Impossible bien sûr de faire construire sans permis ! Le Code de l’urbanisme est clair le permis de construire est une autorisation administrative obligatoire pour toute construction nouvelle. C’est donc à vous –en tant que propriétaire du terrain- d’en faire la demande en vous rendant à la mairie de votre commune où vous sera remis un formulaire type. Imprimé que vous pouvez aussi trouver et remplir sur le site interne du ministère de l’équipement (www.equipement.gouv.fr).
Précisons toutefois qu’il n’est pas rare que votre constructeur se propose de faire cette démarche à votre place, ce qui est alors stipulé sur votre contrat de construction par le biais d’une clause.
Quoiqu’il en soit, une demande de permis de construire s’établit en quatre exemplaires et comporte notamment l’identité du demandeur, l’identité du propriétaire (si le demandeur et le propriétaire sont deux personnes différentes), l’identité et la qualité de l’auteur du projet, la situation et la surface de la parcelle, la nature des travaux, la destination et la densité de la construction. Différents documents sont aussi à joindre à votre demande, comme le plan de situation du terrain, un plan-masse de la construction, un plan de façade, un volet paysager et au moins deux supports photographiques pour situer le terrain dans son environnement.
Une fois votre dossier complété, reste à l’adresser par lettre recommandée au maire de la commune où sera réalisée la construction ou à le déposer contre décharge. C’est le maire qui s’occupe en général de l’instruction et se charge de contrôler que votre projet est bel et bien conforme à la réglementation de l’urbanisme. Si vous n’avez oublié aucune pièce, l’administration vous communiquera ensuite dans les quinze jours de votre demande, en recommandé avec accusé de réception, une notification sur laquelle figurera le numéro d’enregistrement de votre demande et la date à laquelle la décision vous sera rendue. Le délai d’instruction est en principe de deux mois (maximum), ce qui ne veut pas dire que vous ne recevrez pas de réponse avant ce délai. Soulignons qu’une majoration de délai est prévue si vous faites construire notamment en secteur protégé et qu’une consultation des Architectes des Bâtiments de France s’impose ou dans une zone à risque d’inondation par exemple. Passé ce délai de deux mois, si aucune décision ne vous a été notifiée, sachez alors qu’un permis tacite vous est accordé.

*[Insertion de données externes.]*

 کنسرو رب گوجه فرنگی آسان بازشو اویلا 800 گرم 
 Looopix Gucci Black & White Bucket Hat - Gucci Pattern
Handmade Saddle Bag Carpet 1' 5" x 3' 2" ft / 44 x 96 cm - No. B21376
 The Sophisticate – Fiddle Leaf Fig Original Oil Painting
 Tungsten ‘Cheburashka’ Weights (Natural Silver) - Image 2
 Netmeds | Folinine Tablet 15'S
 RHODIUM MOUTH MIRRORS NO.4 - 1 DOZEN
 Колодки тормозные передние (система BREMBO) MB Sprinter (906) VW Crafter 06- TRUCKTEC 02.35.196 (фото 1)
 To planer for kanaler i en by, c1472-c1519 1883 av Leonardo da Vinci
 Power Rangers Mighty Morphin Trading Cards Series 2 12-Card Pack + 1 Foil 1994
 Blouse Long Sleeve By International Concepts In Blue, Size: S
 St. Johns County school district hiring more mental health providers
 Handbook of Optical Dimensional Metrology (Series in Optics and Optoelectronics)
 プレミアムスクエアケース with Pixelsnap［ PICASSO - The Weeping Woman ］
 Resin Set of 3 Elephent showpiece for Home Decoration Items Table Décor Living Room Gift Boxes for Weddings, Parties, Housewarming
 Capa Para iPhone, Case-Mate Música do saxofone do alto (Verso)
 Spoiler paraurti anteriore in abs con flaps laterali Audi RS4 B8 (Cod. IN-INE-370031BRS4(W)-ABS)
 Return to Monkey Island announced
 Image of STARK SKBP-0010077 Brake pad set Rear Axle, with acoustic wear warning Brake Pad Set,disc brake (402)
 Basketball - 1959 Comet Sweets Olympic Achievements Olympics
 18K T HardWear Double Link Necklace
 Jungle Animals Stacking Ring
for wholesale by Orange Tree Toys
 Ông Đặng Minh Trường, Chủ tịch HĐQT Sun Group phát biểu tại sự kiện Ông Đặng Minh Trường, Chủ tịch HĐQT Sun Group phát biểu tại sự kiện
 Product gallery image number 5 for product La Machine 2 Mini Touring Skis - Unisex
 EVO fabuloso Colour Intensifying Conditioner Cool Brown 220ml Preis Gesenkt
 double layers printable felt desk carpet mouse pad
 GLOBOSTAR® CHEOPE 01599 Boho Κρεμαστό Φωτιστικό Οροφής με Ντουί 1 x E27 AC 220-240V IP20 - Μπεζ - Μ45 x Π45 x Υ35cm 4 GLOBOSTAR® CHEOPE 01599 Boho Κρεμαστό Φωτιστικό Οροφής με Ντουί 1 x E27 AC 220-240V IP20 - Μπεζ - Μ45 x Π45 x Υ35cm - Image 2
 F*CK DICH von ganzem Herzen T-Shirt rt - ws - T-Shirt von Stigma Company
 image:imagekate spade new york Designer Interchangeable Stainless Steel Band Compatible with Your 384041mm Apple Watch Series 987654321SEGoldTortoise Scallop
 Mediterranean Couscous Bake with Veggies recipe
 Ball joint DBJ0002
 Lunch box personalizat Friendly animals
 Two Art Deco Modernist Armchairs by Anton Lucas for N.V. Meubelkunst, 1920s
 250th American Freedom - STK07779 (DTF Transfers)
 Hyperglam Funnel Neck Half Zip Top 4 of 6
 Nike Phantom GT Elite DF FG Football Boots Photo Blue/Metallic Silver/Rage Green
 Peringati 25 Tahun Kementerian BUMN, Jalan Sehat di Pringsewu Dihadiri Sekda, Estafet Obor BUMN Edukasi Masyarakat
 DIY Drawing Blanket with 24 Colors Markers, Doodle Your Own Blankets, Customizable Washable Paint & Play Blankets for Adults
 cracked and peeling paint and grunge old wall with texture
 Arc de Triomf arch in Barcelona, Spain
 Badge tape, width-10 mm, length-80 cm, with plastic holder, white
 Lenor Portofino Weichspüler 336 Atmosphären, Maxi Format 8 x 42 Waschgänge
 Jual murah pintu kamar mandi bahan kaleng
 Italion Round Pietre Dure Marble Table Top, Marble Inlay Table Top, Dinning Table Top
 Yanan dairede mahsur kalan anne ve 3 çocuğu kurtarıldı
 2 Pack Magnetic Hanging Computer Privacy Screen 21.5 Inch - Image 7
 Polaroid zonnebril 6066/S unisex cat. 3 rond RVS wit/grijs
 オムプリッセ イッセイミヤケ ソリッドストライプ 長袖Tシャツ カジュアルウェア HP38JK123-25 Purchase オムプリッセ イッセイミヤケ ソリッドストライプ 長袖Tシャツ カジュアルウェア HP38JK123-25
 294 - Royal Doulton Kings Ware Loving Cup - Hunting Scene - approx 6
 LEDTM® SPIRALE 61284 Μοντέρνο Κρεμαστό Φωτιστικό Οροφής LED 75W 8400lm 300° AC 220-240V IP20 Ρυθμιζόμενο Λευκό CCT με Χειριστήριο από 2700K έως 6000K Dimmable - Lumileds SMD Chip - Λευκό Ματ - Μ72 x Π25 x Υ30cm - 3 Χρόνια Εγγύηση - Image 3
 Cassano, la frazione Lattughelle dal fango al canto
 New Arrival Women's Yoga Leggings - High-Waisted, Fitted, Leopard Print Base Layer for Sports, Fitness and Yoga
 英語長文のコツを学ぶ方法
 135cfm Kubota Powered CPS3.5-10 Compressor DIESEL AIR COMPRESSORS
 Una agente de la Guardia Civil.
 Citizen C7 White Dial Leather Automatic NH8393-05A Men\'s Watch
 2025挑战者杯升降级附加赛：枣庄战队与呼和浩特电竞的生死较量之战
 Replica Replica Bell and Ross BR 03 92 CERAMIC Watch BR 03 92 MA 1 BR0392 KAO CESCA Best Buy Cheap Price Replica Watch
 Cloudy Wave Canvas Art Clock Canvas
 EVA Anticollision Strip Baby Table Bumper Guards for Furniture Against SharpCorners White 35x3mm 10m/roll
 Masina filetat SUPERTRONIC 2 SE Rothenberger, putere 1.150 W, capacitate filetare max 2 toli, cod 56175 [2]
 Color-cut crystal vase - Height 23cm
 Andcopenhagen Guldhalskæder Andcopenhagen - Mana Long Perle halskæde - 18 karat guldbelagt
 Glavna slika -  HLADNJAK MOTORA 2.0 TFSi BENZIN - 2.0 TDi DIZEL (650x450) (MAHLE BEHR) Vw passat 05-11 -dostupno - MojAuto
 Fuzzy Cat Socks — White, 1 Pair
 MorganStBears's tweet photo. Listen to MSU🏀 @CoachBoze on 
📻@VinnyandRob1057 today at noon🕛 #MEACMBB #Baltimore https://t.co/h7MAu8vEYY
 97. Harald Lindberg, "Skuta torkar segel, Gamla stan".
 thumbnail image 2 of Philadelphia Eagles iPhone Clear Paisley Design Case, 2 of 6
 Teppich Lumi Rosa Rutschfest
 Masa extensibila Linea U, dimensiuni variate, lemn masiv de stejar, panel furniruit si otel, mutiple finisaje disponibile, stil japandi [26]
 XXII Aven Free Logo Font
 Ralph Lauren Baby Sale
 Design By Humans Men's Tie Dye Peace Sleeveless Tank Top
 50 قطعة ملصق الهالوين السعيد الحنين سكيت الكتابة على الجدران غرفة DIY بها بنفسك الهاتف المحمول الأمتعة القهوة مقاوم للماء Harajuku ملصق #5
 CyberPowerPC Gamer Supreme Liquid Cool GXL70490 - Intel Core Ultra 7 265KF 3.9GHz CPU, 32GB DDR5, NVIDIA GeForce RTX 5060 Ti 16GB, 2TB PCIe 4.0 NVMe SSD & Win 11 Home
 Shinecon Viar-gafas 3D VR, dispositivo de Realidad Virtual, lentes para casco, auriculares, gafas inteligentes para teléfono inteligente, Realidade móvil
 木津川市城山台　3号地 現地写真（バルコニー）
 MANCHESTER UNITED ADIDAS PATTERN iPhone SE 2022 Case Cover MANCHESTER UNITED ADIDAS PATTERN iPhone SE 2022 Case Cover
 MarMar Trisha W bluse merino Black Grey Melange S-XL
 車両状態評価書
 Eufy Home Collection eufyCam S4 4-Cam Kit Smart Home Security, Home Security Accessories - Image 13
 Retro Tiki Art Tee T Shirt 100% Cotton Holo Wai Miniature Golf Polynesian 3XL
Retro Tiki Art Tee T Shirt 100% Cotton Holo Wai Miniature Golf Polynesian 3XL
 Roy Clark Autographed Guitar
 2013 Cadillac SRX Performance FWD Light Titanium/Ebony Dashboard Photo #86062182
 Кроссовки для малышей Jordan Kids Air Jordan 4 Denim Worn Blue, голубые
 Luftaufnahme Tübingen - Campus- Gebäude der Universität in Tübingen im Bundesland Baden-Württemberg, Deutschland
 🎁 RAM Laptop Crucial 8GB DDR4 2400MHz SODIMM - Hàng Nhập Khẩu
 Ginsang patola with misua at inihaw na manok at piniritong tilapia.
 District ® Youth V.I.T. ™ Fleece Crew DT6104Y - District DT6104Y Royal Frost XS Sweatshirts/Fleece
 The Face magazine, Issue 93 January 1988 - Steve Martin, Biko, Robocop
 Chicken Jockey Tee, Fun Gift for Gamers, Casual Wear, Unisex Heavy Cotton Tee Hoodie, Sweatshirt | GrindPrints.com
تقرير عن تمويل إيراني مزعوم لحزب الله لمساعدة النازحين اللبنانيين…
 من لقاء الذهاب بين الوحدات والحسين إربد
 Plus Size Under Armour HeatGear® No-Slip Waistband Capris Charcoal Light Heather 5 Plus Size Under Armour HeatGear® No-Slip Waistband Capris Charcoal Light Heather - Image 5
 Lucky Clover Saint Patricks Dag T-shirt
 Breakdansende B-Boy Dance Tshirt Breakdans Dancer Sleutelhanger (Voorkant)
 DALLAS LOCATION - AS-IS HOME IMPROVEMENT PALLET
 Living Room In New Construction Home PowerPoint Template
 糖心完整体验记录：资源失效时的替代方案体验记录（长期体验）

Bien sûr, une fois votre permis obtenu, les travaux peuvent commencer ! Tout en sachant que vous êtes tenu, dès réception de la notification, d’afficher votre permis distinctement sur le terrain durant toute la durée du chantier. Même chose en mairie puisque le maire doit également afficher un extrait du permis, dans les huit jours suivant sa délivrance et ce, pendant deux mois.
En cas de refus de permis (tout refus devant être « motivé » et correspondre à un cas légalement prévu), rien ne vous empêche de déposer un recours administratif par lettre recommandée avec accusé de réception dans les deux mois suivant la notification de refus.
La réforme du permis de construire opérationnelle depuis le 1er octobre 2007 a bien simplifié et clarifié les procédures d’obtention. Quoi qu’il en soit un permis est ou accordé ou refusé, il n’y a jamais de conditions suspensives. Ce qui ne veut pas dire que l’administration n’est pas autorisée à associer à sa décision certaines prescriptions comme la couleur des enduits extérieurs ou la forme des ouvertures par exemple. Sachez aussi qu’un permis de construire a une durée de validité de deux ans à compter de la réception de la notification de la décision. Vous devrez donc commencer vos travaux dans les deux ans suivant l’obtention de l’autorisation. De même si les travaux sont suspendus pendant plus d’une année, le permis de construire devient caduc.